Dow is predicted to fall 167 tomorrow based on current futures.
My impression is that lately DOW futures of plus mean a 200 dip and if they are negative by 200 it's going to drop 500.Originally posted by: senseamp
http://bloomberg.com/markets/stocks/futures.html
Dow is predicted to fall 167 tomorrow based on current futures.
Originally posted by: OS
i see the bail out didn't do sh*t
Originally posted by: BansheeX
Nothing moves in a straight line. Some people are running to treasuries, some are running to gold. Bonds are mistakenly seen as safety havens right now to the know-nothing average Joe who has yet to feel the coming inflation. Then people who do no research will realize that the CPI is bullshit and the FDIC doesn't insure value. All it insures is a nominal payout, it doesn't insure that the dollars you receive will buy the same amount of goods it did a week or a year before, which is kind of important in a hyperinflationary environment if one is to occur. So you're seeing both bonds and gold going up as stocks hemorrhage. When inflation becomes apparent in people's everyday lives, the low yield on those bonds isn't going to look so hot, while gold's parabolic increases over the last few years will.

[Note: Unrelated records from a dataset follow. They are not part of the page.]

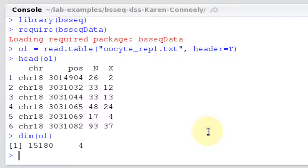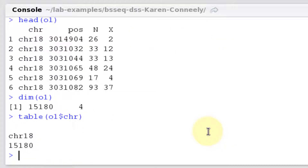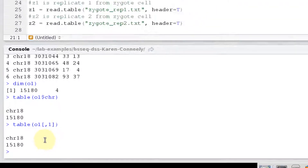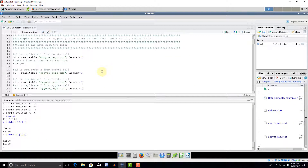We might notice the first column is chromosomes, so let's do a table of that to see if we have all the chromosomes or just some of them. I'm doing o1$chromosome, which refers to the column named chromosome. Another way to do this in R would be to just ask for the first column by subsetting the matrix. Both approaches give us the same answer: all 15,180 rows are from chromosome 18. That's why this dataset is so small — it's just chromosome 18 and it's reduced representation data, which is a manageable dataset to play around with.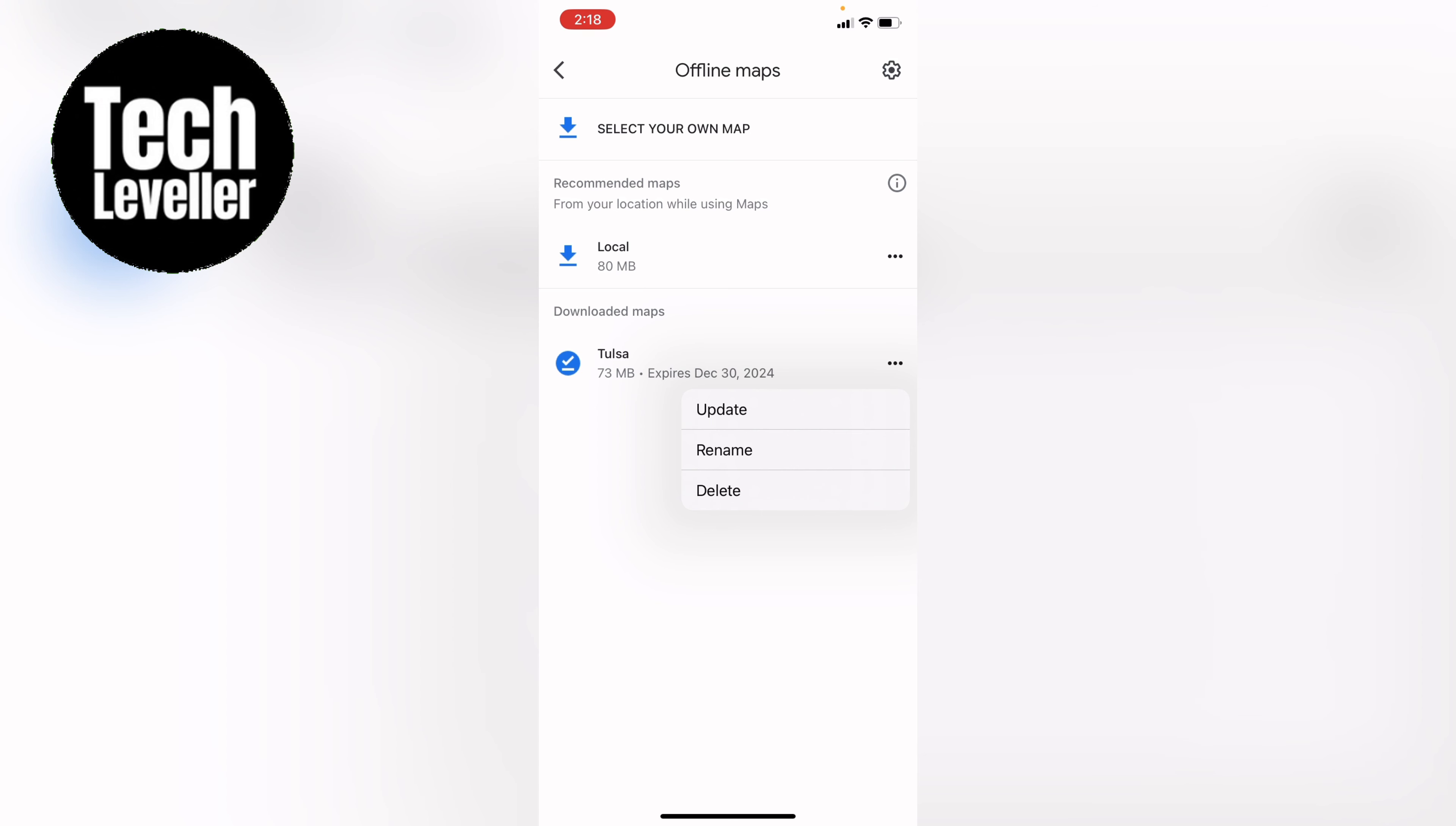Well that's how to download offline maps in Google Maps. Hope you found that video helpful. If you did smash a like, smash a subscribe and most of all thanks so much for watching.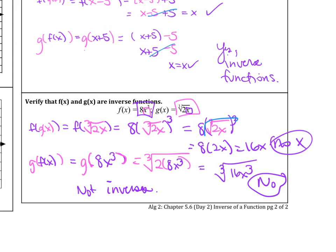The second example: f(x)=8x³ and g(x)=∛(2x). This one is a no. Computing f(g(x)): g(x) is ∛(2x), plugged into f gives 8·(∛(2x))³. The cube and cube root cancel, leaving 8·2x = 16x. That is not x, so it doesn't work. Once it's a no you can stop, but we'll continue for practice.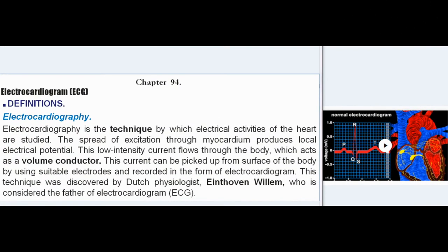Chapter 94: Electrocardiogram — ECG Definitions. Electrocardiography is the technique by which electrical activities of the heart are studied. The spread of excitation through myocardium produces local electrical potential. This low-intensity current flows through the body, which acts as a volume conductor. This current can be picked up from the surface of the body using suitable electrodes and recorded in the form of an electrocardiogram. This technique was discovered by Dutch physiologist Willem Eindhoven, who is considered the father of electrocardiogram (ECG).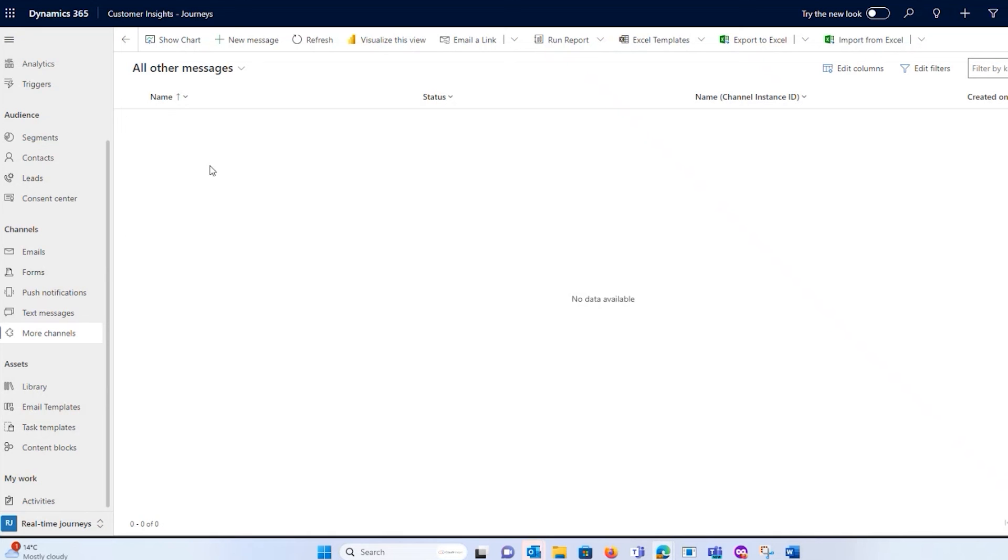So it does make it a bit easier, anything that you add onto the system that's not out of the box, to work that into the features that you are going to be using for marketing.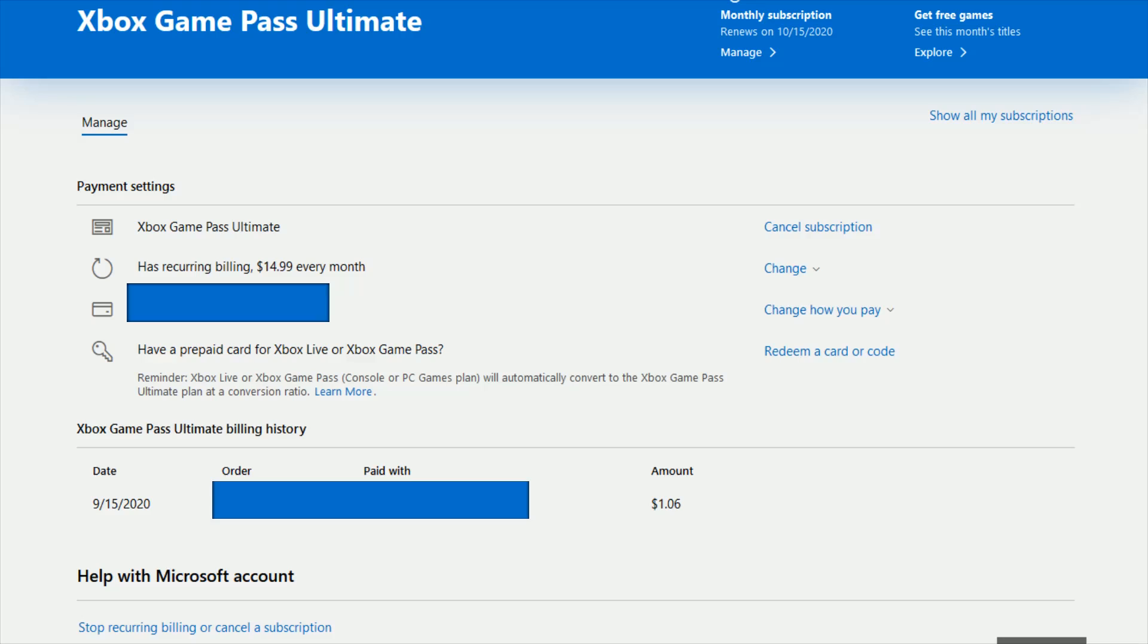Again I'll link the account.microsoft.com/services page right at the top of the video description so you can check it out there. Thanks for watching and I'll catch you guys back here next time.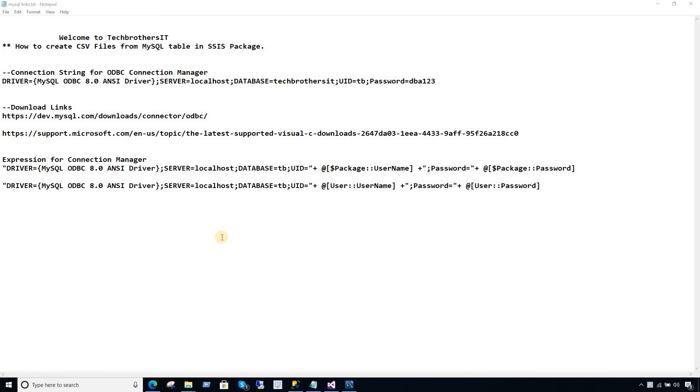Welcome to Tech Brothers with Amir. In this video, we are going to learn how to create a CSV file from a MySQL table in an SSIS package.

No, but some can predict it with a lot more certainty than others, and not confuse problems for strengths. And why is it, exactly, despite all of the Keynesian educated management within these financial firms and banks, so few of them were able to even keep their businesses solvent, were able to spot the inflation that went into tech stocks or housing? I mean, that's a pretty terrible result.
They categorize and exclude inflation to suit their statistics, they can't even see the forest for the trees. Most of what they take as evident is ass-backwards. Take the velocity of money as an example. It's a result of people's valuations of goods including money, not a cause. Take inflation, it is a cause of rising prices, not a result. And somehow, consumption drives economies to them. They even think that falling prices (in a normal environment not succeeding inflationary dependencies) are bad and would cause people to indefinitely hoard for a future lower price, despite the perpetual fallacy this creates or the fact that computers continue to be one of the strongest selling sectors despite consistently falling prices. The whole damn "inflation is a necessity" thing is a scam to justify government excess.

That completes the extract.